Bize gelince; kupada olmamanın tesellisini Mesut Özil’le gidermeye çalıştık. Bir TRT klasiği olarak kupa maçlarının anlatım ve yorumunda izleyenlere çile çektirdik. Güney Afrika Cumhuriyetinin arka planı ekranda olmadı hiç. Mandela’nın adının geçmemesi için de özen gösterildi. Yoksa böyle değildi de ben mi kaçırdım! Aslında bir futbol tutkunu olarak hemen tüm maçları ekrandan izlemeye çalıştım. Maradona’nın varlığı, Arjantin’in kupayı kaldırması isteğimi güçlendiriyordu. Olmadı. Bu kez gönlüm Uruguay’ın final oynamasından yanaydı. O da gerçekleşmedi. Kaybedenler safında yer aldım. Neden Uruguay derseniz. Yanıtım hazır. Bir kere askeri darbelerin çilesini çekmiş, acılarını yaşamış bir ülke. Şimdilerde kendisini toparlamaya çalışıyor. Ama asıl önemli neden; çağımızın yüz akı düşün insanlarından yazar Eduardo Galeano’nun Uruguaylı olması. Türkçeye çevrilen tüm kitaplarını okudum Galeano’nun. İnsanlığa karşı işlenen suçlara karşı çıkışını, Noam Chomsky, John Berger, Jose Saramago ile birlikte tüm insan hakları ihlalleri karşısında gösterdiği yürekli duruşu yakından izlemeye çalıştım. Araştırıcı kimliğine, titiz çalışma biçimine ve ince zekasını gösteren üslubundaki kıvraklığa, yer yer kullandığı ironiye hayran oldum. İşte Uruguay sevdam böyle oluştu. 

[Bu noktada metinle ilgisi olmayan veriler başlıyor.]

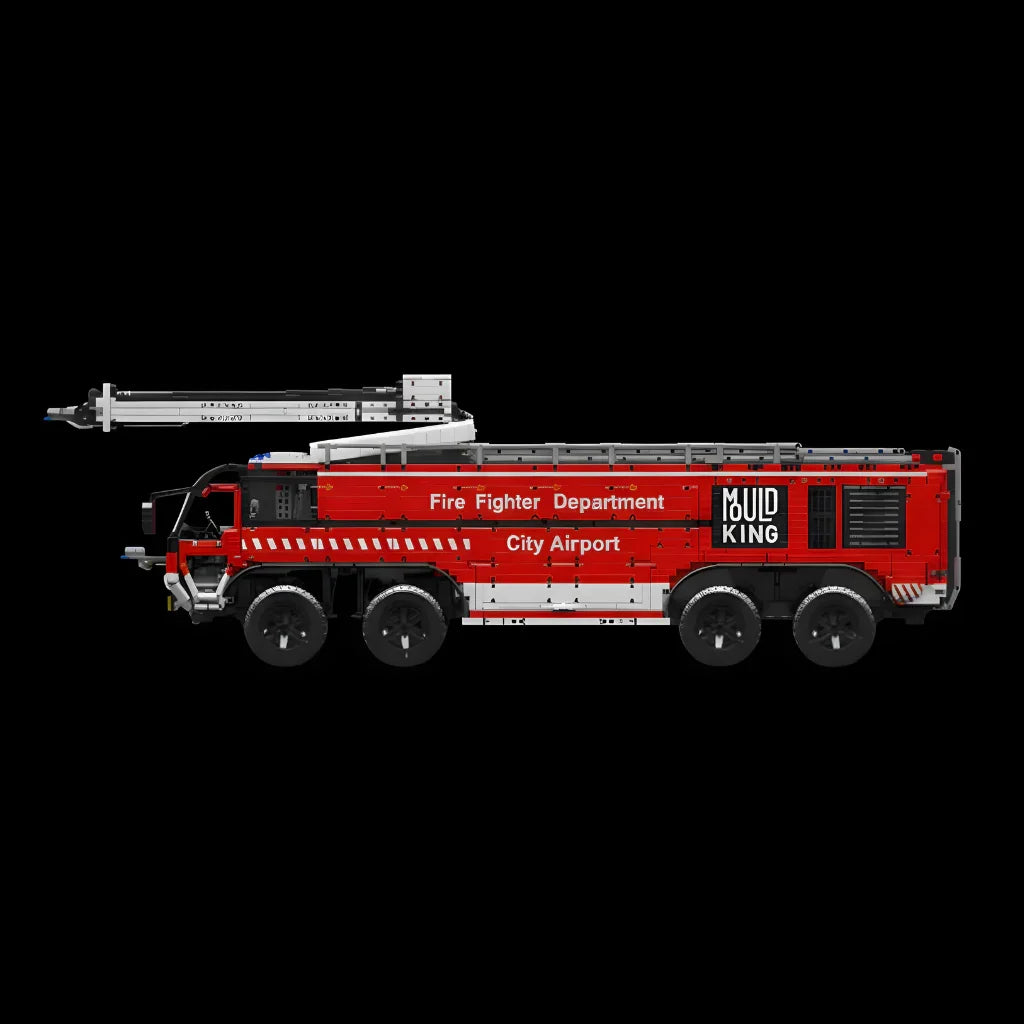 Rosenbauer Panther (6653 детали)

Biliyorsunuz Afrika bahtsız bir Kıta. Yerüstü ve yeraltı servetleri yıllarca beyazlarca sömürüldü. İnsanları batıda ve Amerika’da köle pazarlarında satıldı. Kültürleri, gelenekleri, müzikleri ve sanatları çalındı. Günümüzde de Afrika halkları çok farklı durumda değil, varsıl ülkelerin sömürüsü sürüyor. Uluslararası sermayeninki de… Dünya Kupası sarhoşluğunda, Afrika Kıtasına reva görülenleri unutmamak insanlığın borcu. Bu bağlamda yazımı Galeano’nun ‘Zamanın Ağızları’ kitabından (çev. Bülent Kale) bir alıntı ile sonlamanın uygun olacağını düşünüyorum "Sanatın Değeri":
"Avrupa, Kara Afrika’yı uygarlaştırma nezaketini göstermişti. Haritasını parçalamış, parçalarını yutmuştu; altınını, fildişini ve elmaslarını çalmıştı; en güçlü oğullarını köle pazarlarında satmıştı. Avrupa, siyahların eğitimini tamamlamak için ceza ve ibret olsun diye, pek çok askeri işgal ikram etmişti onlara.
On dokuzuncu yüzyılın sonlarında Britanyalı askerler, Benin Krallığı’nda bu pedagojik operasyonlardan birini gerçekleştirdi. Kanlı kıyımdan sonra, yangından hemen önce ganimeti götürdüler. Afrika sanatının en büyük koleksiyonuydu: Onlara hayat veren, onları esirgeyen tapınaklardan sökülmüş bir sürü heykel ve maske.
Bu eserlerin bin yıllık geçmişi vardı, karmaşık güzellikleri Londra’da azıcık merak ve sıfır hayranlık uyandırdı. Afrika hayvanat bahçesinin meyveleri, yalnızca bazı eksantrik koleksiyoncuları ve ilkel geleneklere yönelmiş müzeleri ilgilendiriyordu. Ama Kraliçe Victoria, ganimetleri açık artırmaya çıkarınca elde edilen gelir, askeri operasyonun bütün masraflarını karşılamaya yetti. Böylece Benin Sanatı, bu sanatın doğup gerçekleştiği krallığın yağmalanmasını finanse etti."